Seorang ksatria berarmor ringan—merupakan mata-mata Eina—mendekati pos penjagaan yang terletak di daerah perbatasan antara kasta ksatria serta rakyat jelata. Mengendap-endap dengan langkah cepat, tanpa memberi perhatian kepada para ksatria penjaga yang lalai dari penjagaannya, mata-mata Eina menghunuskan belati beracun yang sebelumnya tersarung di balik punggungnya.
"Argh!"
Terhadap punggung leher salah seorang ksatria yang berjudi, mata-mata Eina menebasnya dengan cepat, membuat beberapa ksatria penjaga yang lain tersadar akan serangan.
Dalam operasi sabotase, sebuah luka ringan adalah apa yang menjadi tujuan mata-mata. Bukan suatu luka berat atau dalam, kondisi mata-mata Eina dapat terpenuhi apabila para korbannya tidak dapat bergerak dengan baik.
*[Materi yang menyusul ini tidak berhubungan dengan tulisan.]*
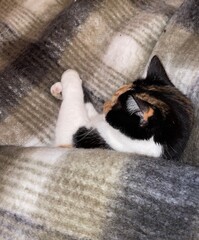 Chat qui dort sous une couverture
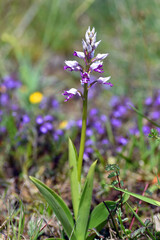 Wild orchid military orchid (Orchis militaris) in flower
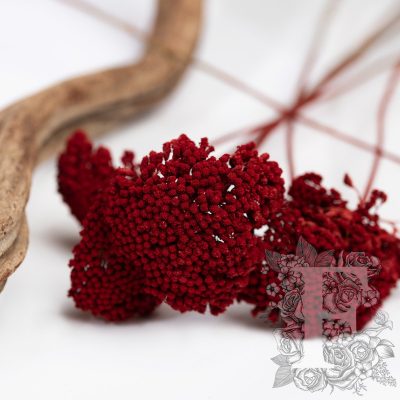Achillea - 5 Stems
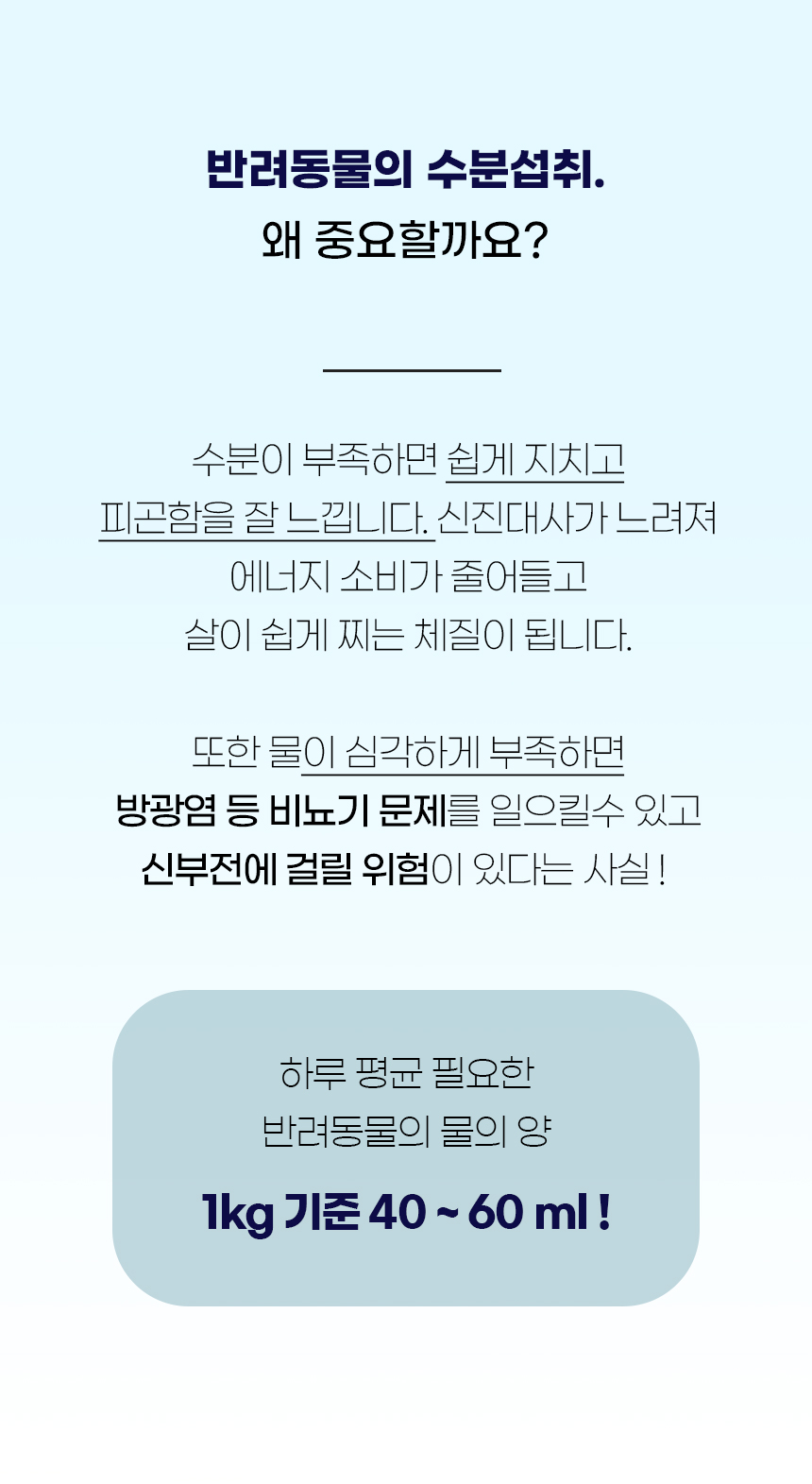 [NEW신상][무료배송] 개과천선 케이드 휴대용 물병 (350ml/600ml) 3번째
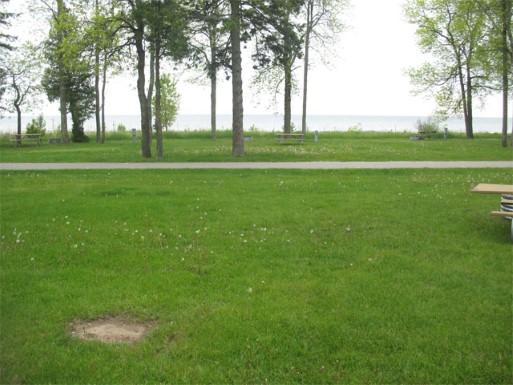 Site 11, photo 2 of 2 · from midnrreservations.com (the park's booking system)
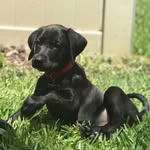 @thorwilson_ - Instagram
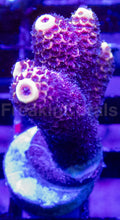 Load image into Gallery viewer, Acropora Frag Ultra&nbsp;(Acropora spp.)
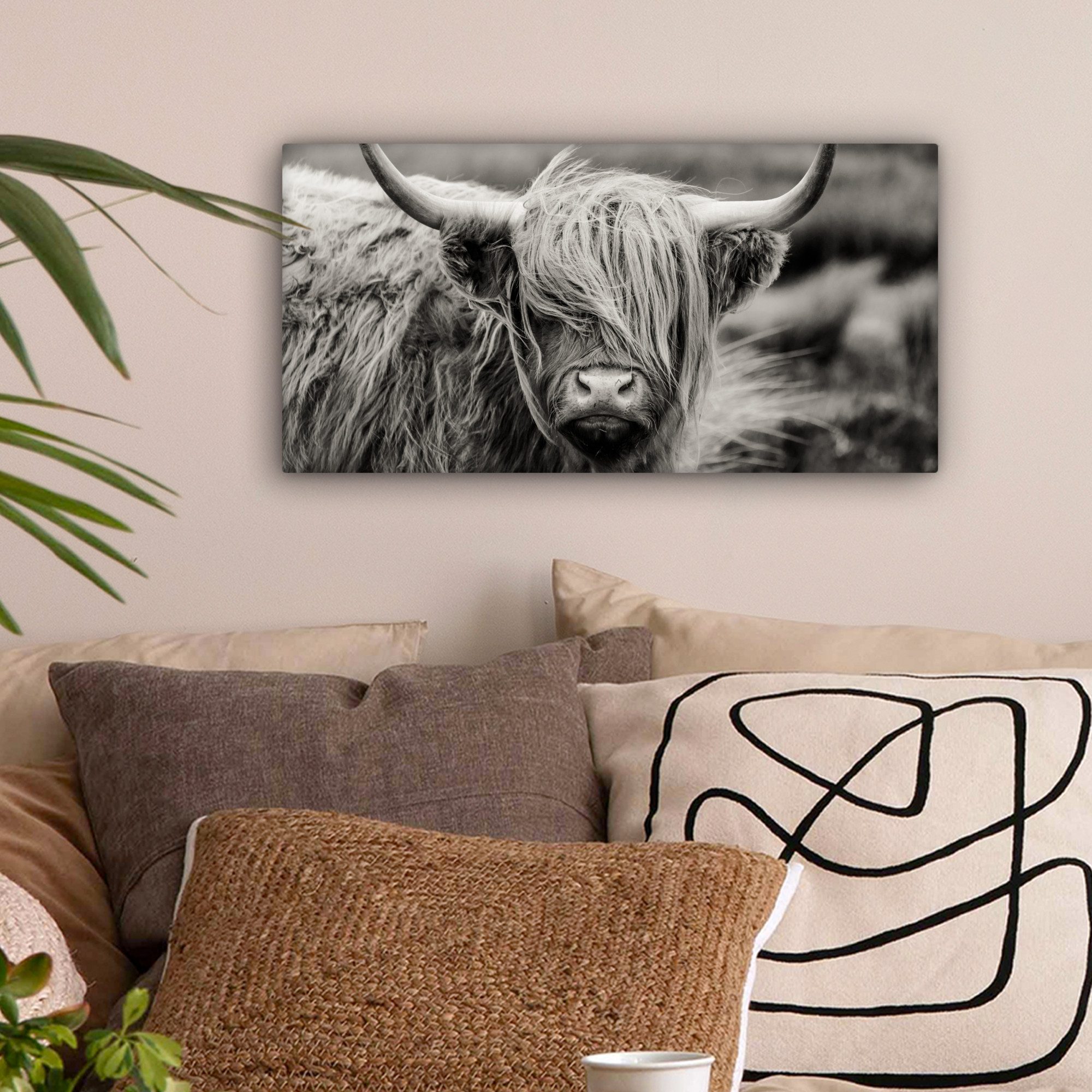 OneMillionCanvasses® Leinwandbild Panorama Schottischer Highlander - günstig online kaufen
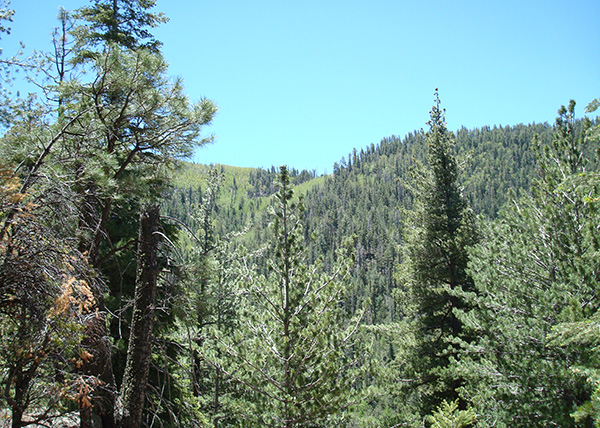 woods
Para ksatria lain yang berjudi bersamanya dengan panik bangkit, mempersiapkan senjata yang dapat mereka gapai, walau usaha mereka hanya berakhir dengan kesia-siaan belaka.
"Urgh!"
Mata-mata Eina sekali lagi menghunuskan belati beracun dengan tangannya yang lain, menggores cepat ke tengkuk serta kaki para ksatria penjaga, tidak lagi dapat berdiri karena persebaran racun yang sangat cepat melumpuhkan mereka.
Mata-mata Eina mengambil sebuah anak panah dari tas kulitnya, membakar mata anak panah dengan api lentera yang baru saja dirusaknya dan segera menembaknya ke atas.
"Seraaaaang!"
Rutz berteriak, mengangkat tinggi pedang besi hibahnya, berlari bersama para pembebas rakyat menyerang Mansion Sang Penguasa Kota.
"Oooooohhhhh!"
Tidak hanya pasukan pembebas, bahkan rakyat sipil juga ikut bergabung, membebaskan diri dari kurungan viscount yang membebankan pajak berat serta membuat mereka kelaparan karena telah mengalami gejolak politik selama setahun terakhir.
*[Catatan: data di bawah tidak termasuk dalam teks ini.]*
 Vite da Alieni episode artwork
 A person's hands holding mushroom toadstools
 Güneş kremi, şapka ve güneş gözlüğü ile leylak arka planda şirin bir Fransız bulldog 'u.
Dari dalam mansionnya, Viscount Ilgid beserta keluarganya telah terbangun karena keadaan kota yang semakin riuh, berlari dengan panik menuju jalan rahasia yang mereka ketahui.
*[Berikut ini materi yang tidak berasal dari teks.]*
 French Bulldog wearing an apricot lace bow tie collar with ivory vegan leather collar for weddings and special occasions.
Para ksatria pengawal Viscount melindungi mereka, bergerak menghalau massa yang telah menerobos pintu masuk.
"Cepat! Cepat!" Viscount berteriak panik. Rambut coklat panjangnya terlihat basah oleh keringat, mata bulatnya juga tercermin kepanikan besar.
Ruangan pintu bawah tanah telah berada di ujung pandang, derap langkah serta teriakan para pemberontak semakin keras terdengar, tanda apabila mereka hanya dapat melarikan diri melalui jalan rahasia.
Ckkrrkk.
Ckkrrkk.
Viscount mengambil pegangan pintu, mendorong tuasnya ke bawah sembari mendorong pintu dengan salah satu bahunya dengan panik.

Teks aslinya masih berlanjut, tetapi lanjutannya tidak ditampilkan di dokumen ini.